My thumb is turning green & a piece of family history

One thing you may not know about me is that I love gardening (or did I already tell you that?). I never would’ve thought it would be something that tickled my fancy, seeing how most things domestically-oriented don’t. But once we moved into our house and I started digging around in the existing gardens and transplanting things and planting new things and experimenting with what works and what looks good where, I found I really have a knack for it.

And I absolutely love seeing my gardens bloom each year and look pretty. I’m big on bulbs too, since they come up each year without me having to do any more work. 😉 I’m super excited about the new row of peonies this year that I mentioned before – I checked last night and all 6 are sprouting. Hooray!

This weekend my mom sent home some hosta plants for me, and last night I planted them around our lamppost in the front yard. A few years ago I dug up a little circle around the base of it to make room for some color in the yard, and I usually plant dahlias around there. But last year they didn’t do as well as they have in years past, and it never fails that they get nicked with the lawn mower at some point during the season.

I was thinking about putting daffodil bulbs in there this year because I love them and they’re one of the few spring flowers I don’t have anywhere, but then I got these hostas and figured it’d be just as easy to put them there instead. I’ve already filled a lot of space in our other gardens with hostas that I transplanted from under a bush in the back yard, so I was running out of spots for these new ones and I didn’t want them to go to waste. I think they turned out pretty well.

Lovely weather we're having.... AGAIN
Up close and personal

 

 

 

 

 

 

 

 

 

I didn’t dig a super deep hole for these guys, so I really hope they thrive here. I’m hopeful, though, since they were already sprouting when my mom dug them up for me.

We received an awesome surprise on the doorstep yesterday, too. My great aunt J and my mom’s cousin J sent a beautiful quilt for D. That’s nice, but what’s so special about a quilt, you wonder? It was my great-great-grandmother D’s (so D’s great-great-great-grandmother D), and she was the one after whom our D was named.
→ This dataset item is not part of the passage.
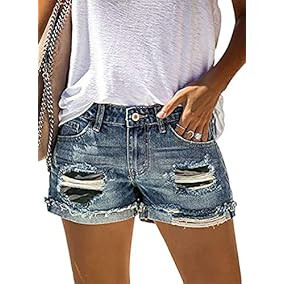 Grimgrow Women's Casual Ripped Jean Shorts Mid Rise Distressed Denim Shorts | Amazon (US)
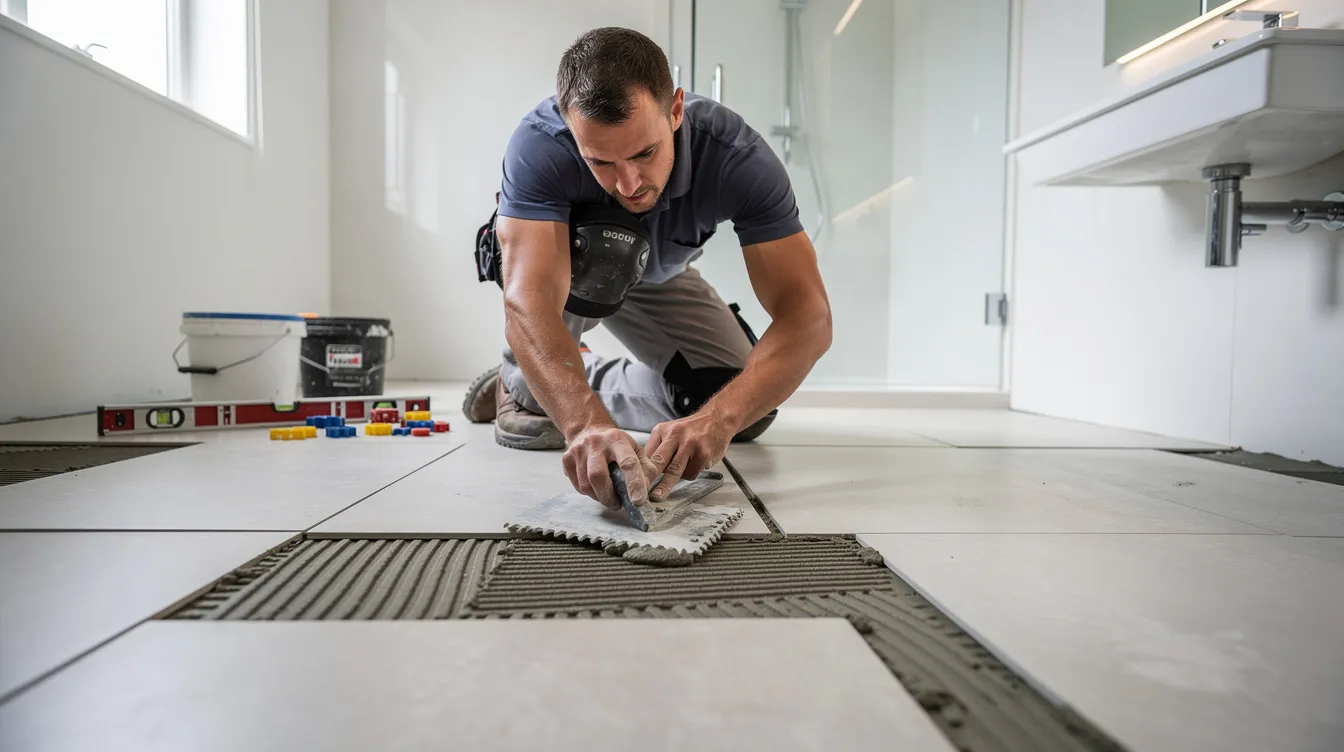 En professionell kakelsättare arbetar med att lägga kakel på golvet i ett badrum under en renovering. Bilden visar hantverkaren som noggrant placerar plattorna, vilket är en viktig del av att renovera badrummet för att skapa en ny och fräsch inredning.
I had no idea this quilt was coming, or even existed, so I was very excited to get such a wonderful heirloom. And it is even more special for D since it came from her namesake. The note with it said my great aunt J remembered seeing it in her grandma D’s house when she was younger, and it was probably made in the 1910s-1920s.

How cool! I had R take a picture of it on my phone this morning, but it turned out really blurry. I’ll take a better one tonight, but at least you can get the idea.
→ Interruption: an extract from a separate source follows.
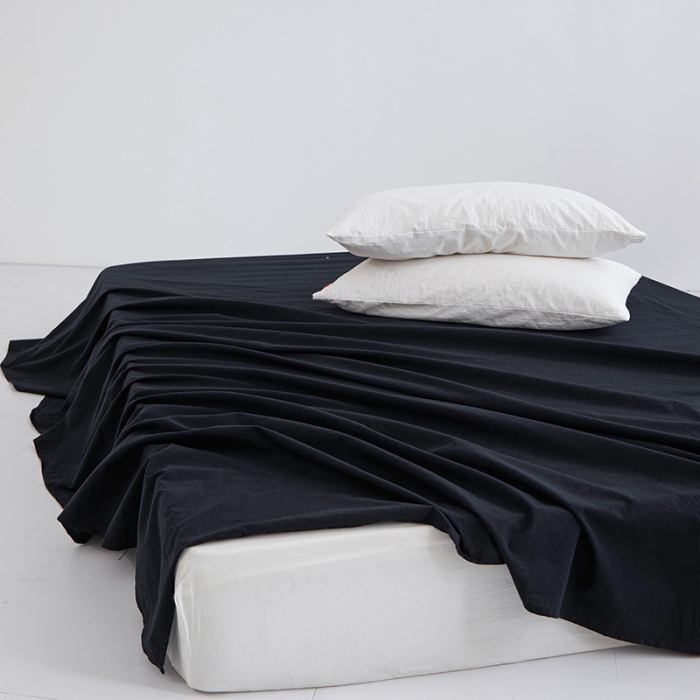 91家纺网 家纺一手货源 找家纺 安莱生活 2023新款水洗棉全棉色织高支高密纽扣款工艺单品床单 炭黑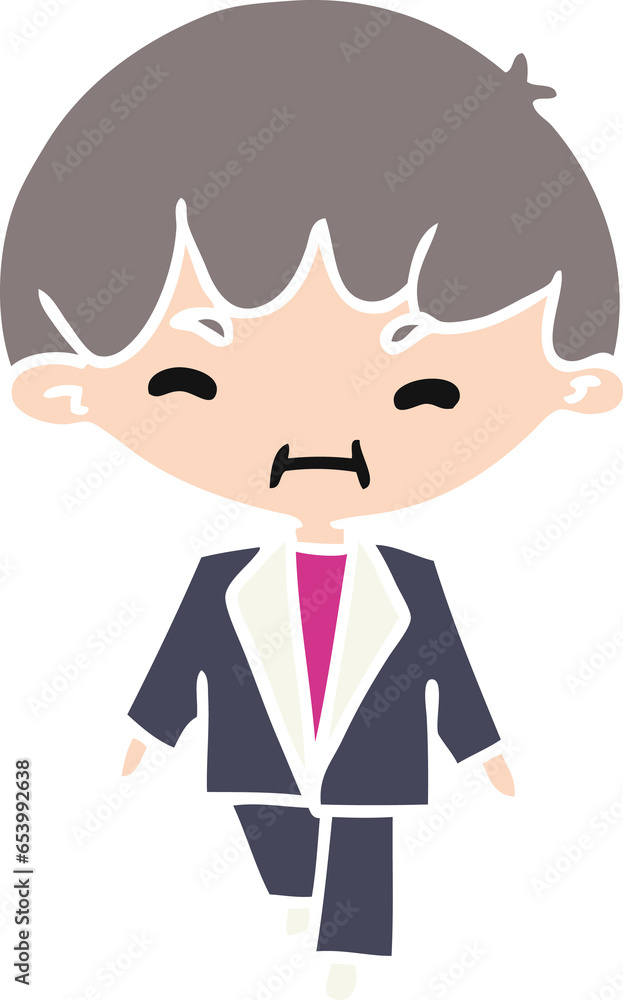 cartoon illustration kawaii cute man in suit cartoon illustration kawaii cute man in suit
D will be the 6th generation to have this quilt. Awesome!

 

I absolutely love family tradition, so getting this quilt for D means a lot to me. It will be the perfect cover when she transitions to a big girl bed from her crib. Her great-great-great grandma D will be watching over her each night and blessing her with sweet, sweet dreams.

 

I have a huge crush on three day weekends

One of my friends had that as her Facebook status last night, and I could not agree more. Too bad they always go so quickly and end way before they should.
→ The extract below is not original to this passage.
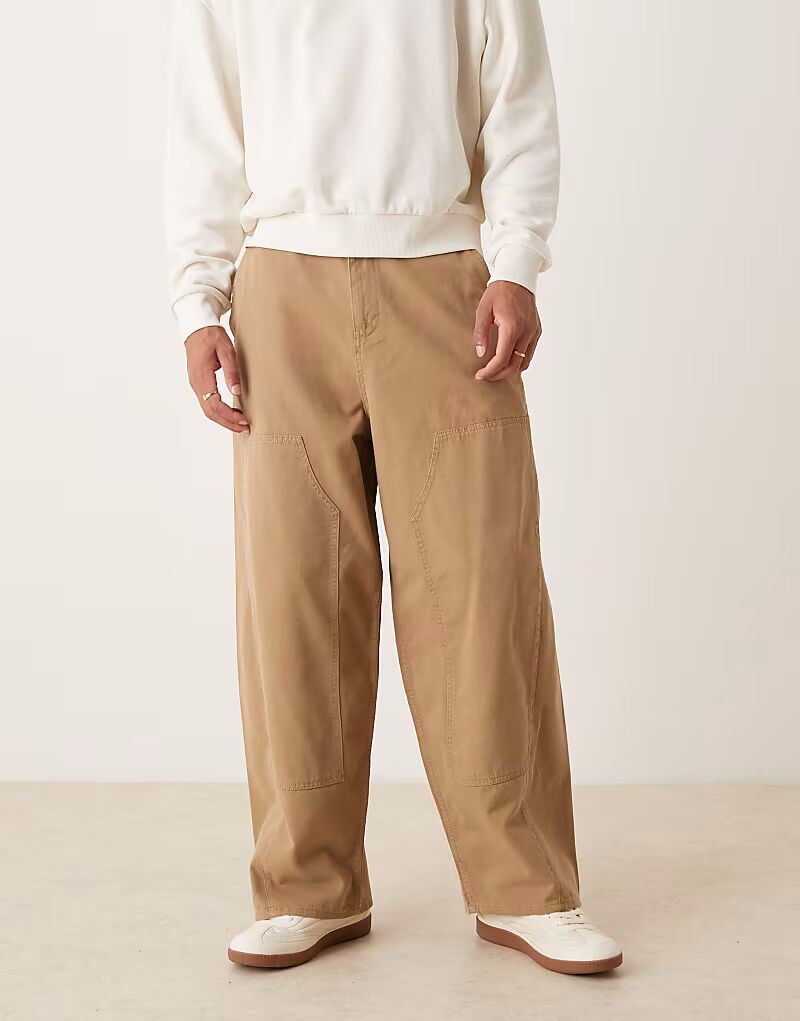 

Брюки свободного кроя светло-коричневого цвета с плотницкими деталями Asos Design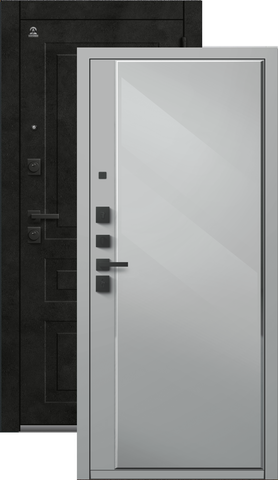 Теплая дверь входная Центурион С-114 зеркало (2026), 2 замка, 2 мм металл, (черный муар/темный бетон+сильвер кашемир)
It was great having a long weekend this week, though. We had a wonderful time at my mom’s, and D thoroughly enjoyed her first Easter. She helped Daddy hunt for Easter eggs, and the Easter Bunny brought her the most ridiculously fluffy, cute bunny coat ever. Doesn’t this just kill you?

Cutest bunny there ever was

 

Saturday morning I was sitting on the deck after a jog, cooling down and just quietly counting my blessings – 65 degrees, sun, warm breeze, blood pumping after some good exercise, beautiful baby girl napping peacefully upstairs, nothing else on the agenda for the entire day except looking forward to steaks on the grill for dinner, surrounded by loving family. It was such a fantastic time and very relaxing, just what the doctor ordered. I just wish it happened more often and lasted more than 3 days.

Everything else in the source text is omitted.